Naoki Maeoka, Japanese bonsai master
Meet the master
How do you envisage the art of bonsai?
In the art of bonsai, I have taken a special interest in the principles of Wabi sabi*. You need to study the world of trees constantly and thoroughly to gradually solve its mystery. While Wabi sabi is a difficult concept, which must be viewed through the prism of time and supporters, when you consider a tree like this one (use the picture of a tree), with its history, its line, when you think about those who have taken an interest in it and derived pleasure from its mere contemplation, I believe you can feel its true nature and understand its beauty.
What does the contemporary art of bonsai mean?
Practising the art of bonsai nowadays means approaching each tree in a pertinent and unique manner. Knowledge of past practices, e.g. why copper wire came to be used and how it was used over time, is of course crucial. Some countries favour approaches referred to as “Bonsai checklist”. One must ensure that this step-by-step sequencing and classification of bonsai practices does not limit or stereotype the style, and does not mean shaping the same tree over and over again.
What is your personal touch?
Every tree has a transcendental dimension, which is seldom fully revealed: one must search, beyond shape or style, for the very essence of the tree, its fundamental presence, the inner strength derived from its advanced age. My philosophy is to ensure bonsai brings pleasure and joy to the greatest number of people.

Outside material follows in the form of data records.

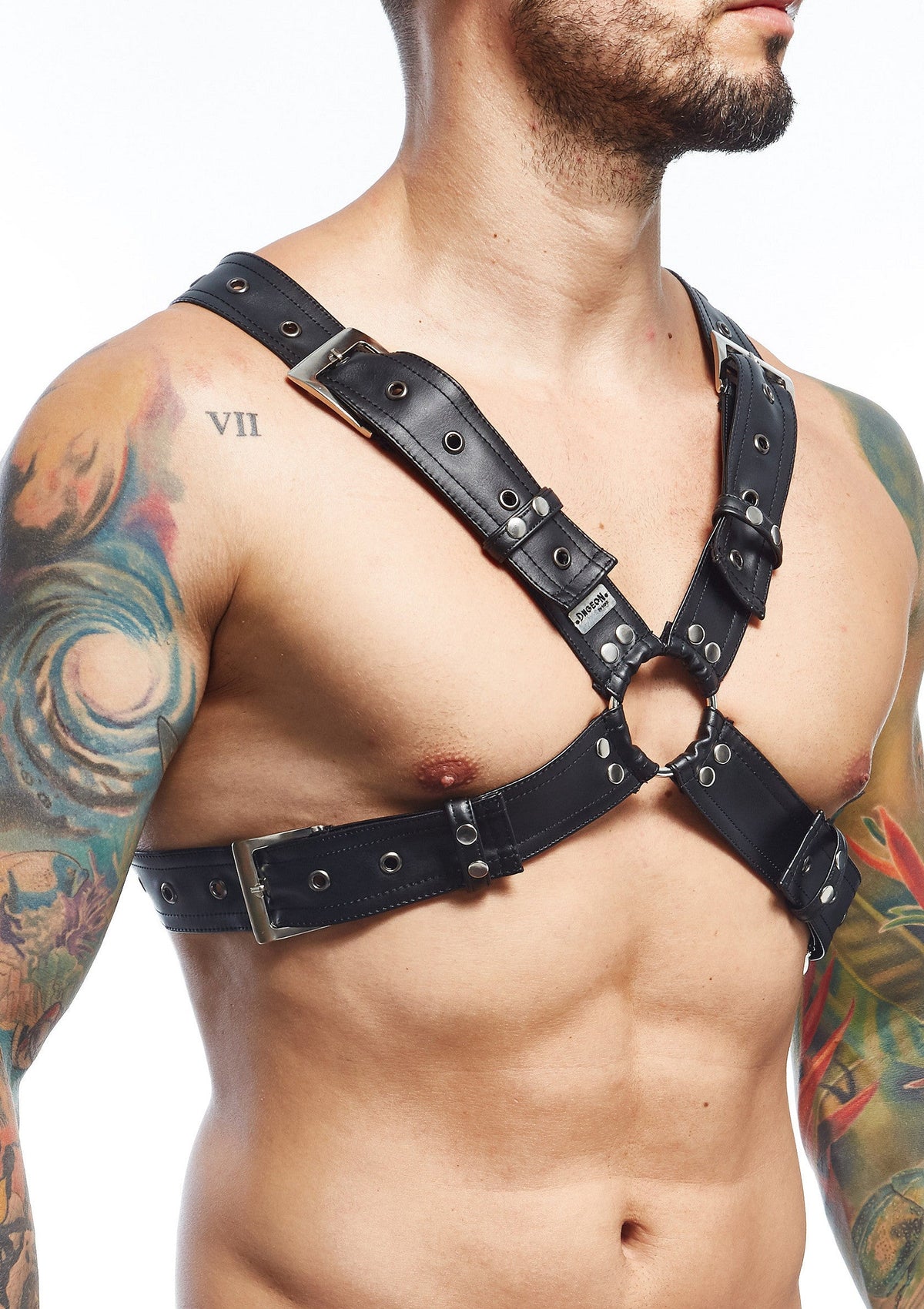 DNGEON X Harness Belts BLACK O/S - 4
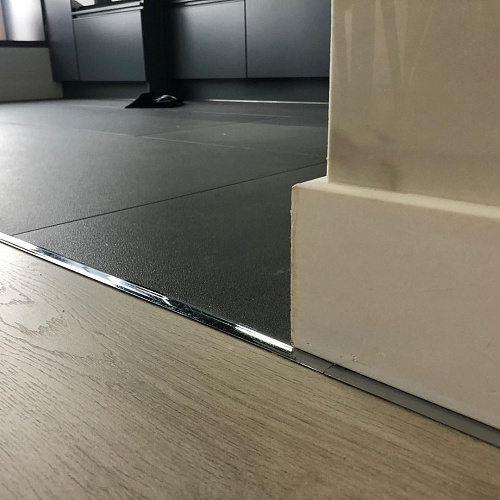 Профиль Т-образный Нержавеющая сталь сатинированная Progress. 20мм 2,7м PCRACS 209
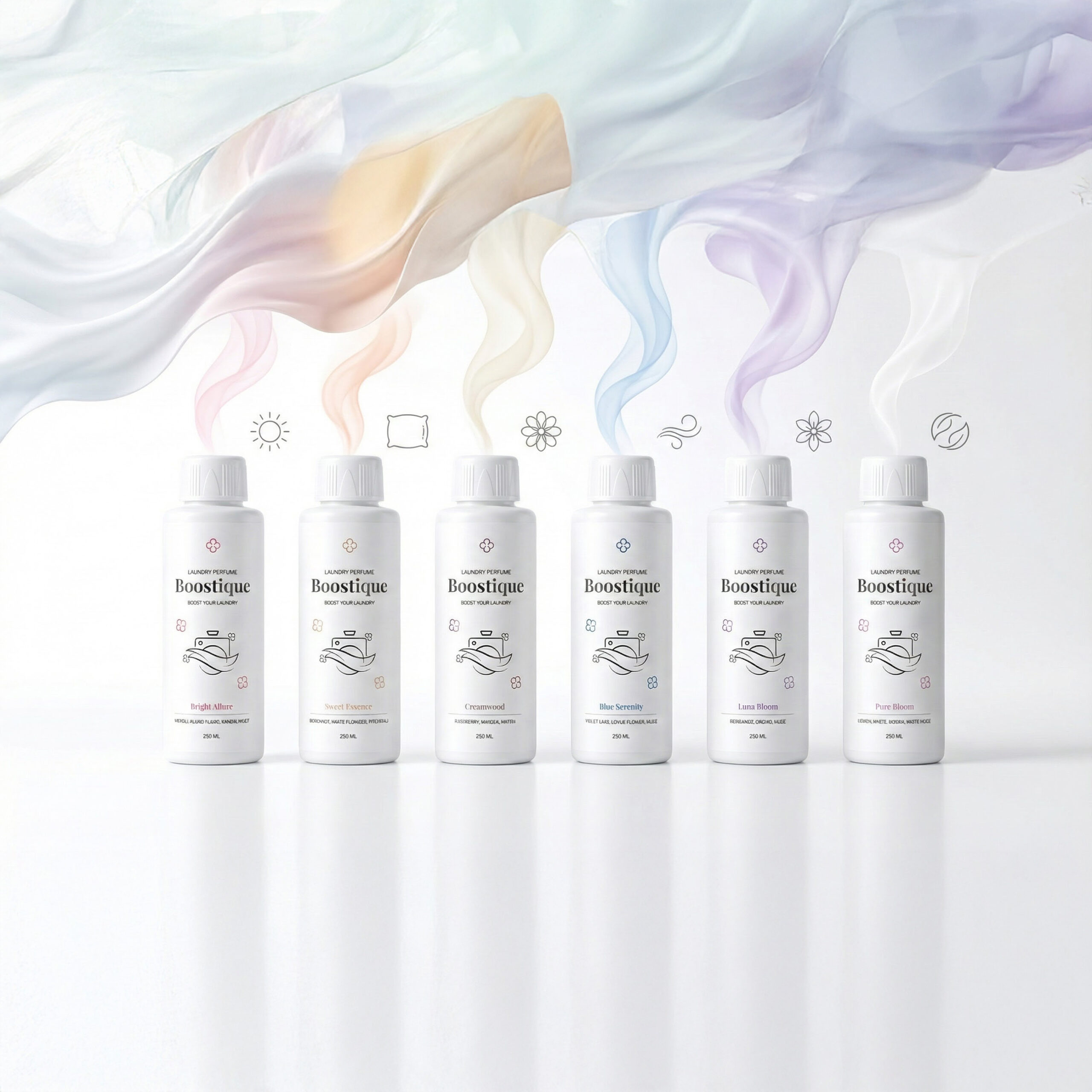 Vergleich von Wäscheparfüms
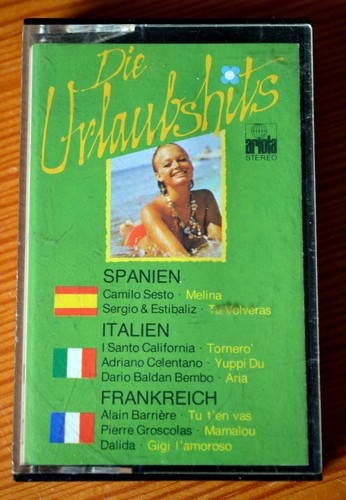 Musikkassette die urlaubshits - musikkassette,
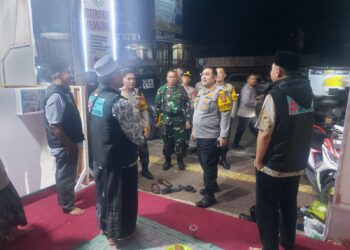 Kapolresta Serang Kunjungi Posko Mudik DMI di Jalur Strategis Menuju Pelabuhan Merak
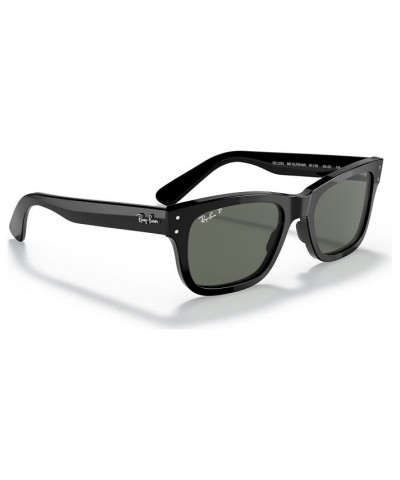 Unisex Polarized Sunglasses RB228358-P Black $58.24 Unisex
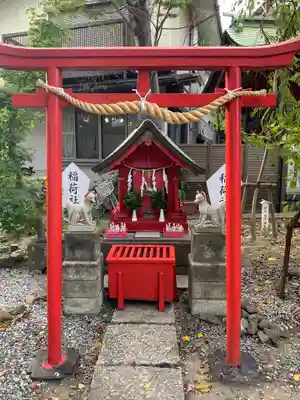 （芝生）浅間神社の末社・摂社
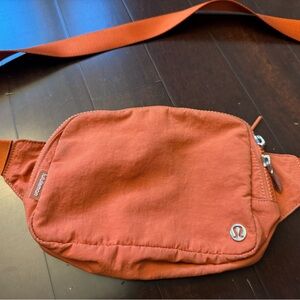 lululemon athletica Orange Crossbody Bag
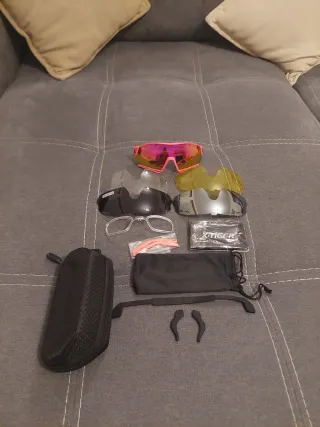 Óculos Desportivos X-Tiger UV400 Ciclismo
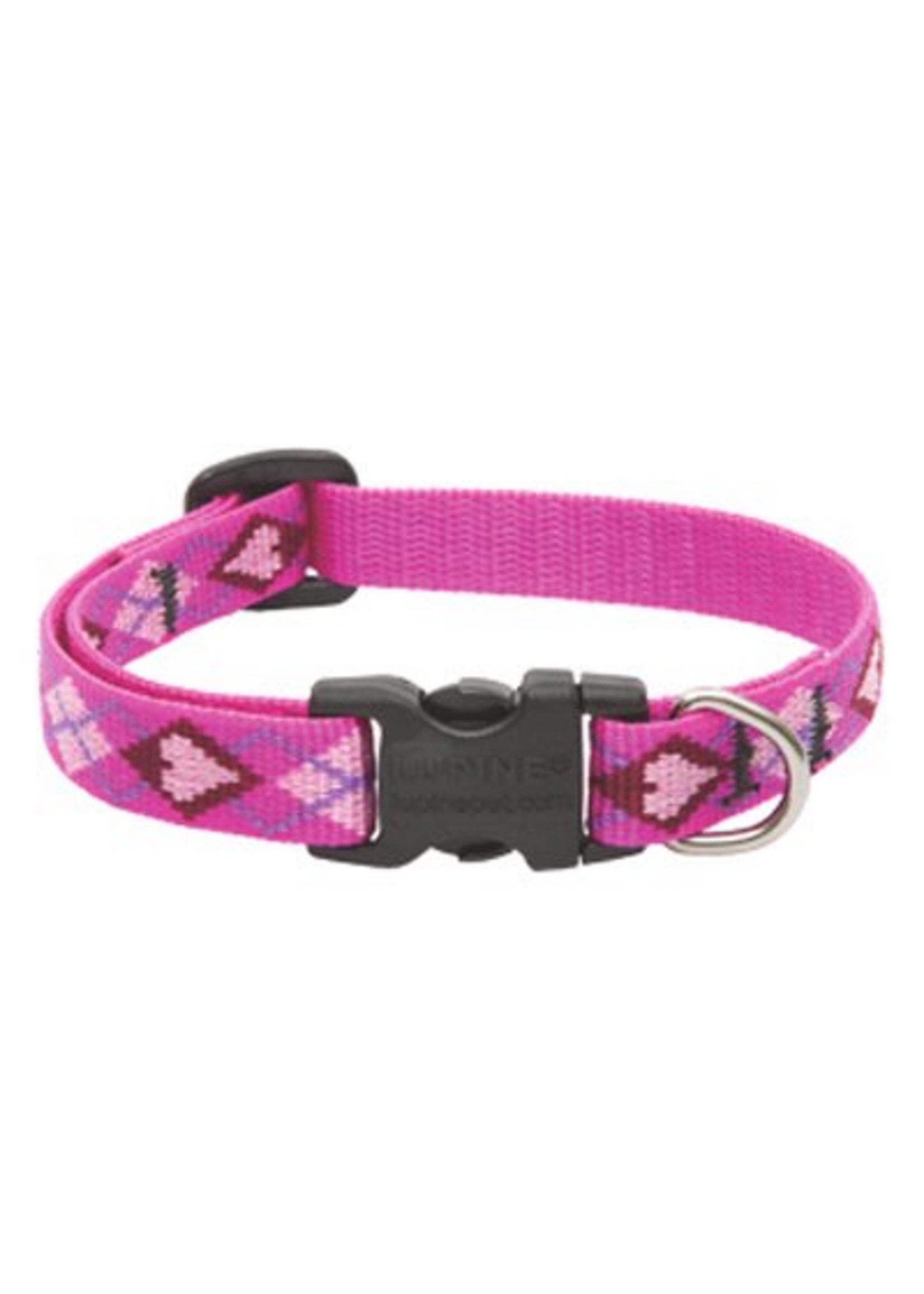 LupinePet LupinePet Dog Collar 1/2", 10-16" Puppy Love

*Wabi sabi is an aesthetic concept derived from the spirituality of Zen Buddhism and Taoism. Wabi sabi combines two principles: wabi (solitude, simplicity, nature, fulfilment and humility in the face of natural events) and sabi (patina, alteration through time, feeling caused by the passage of time and man’s action). It advocates a return to simplicity, peaceful thriftiness that may have a beneficial influence on existence, where one can recognise and experience the beauty of things, however imperfect.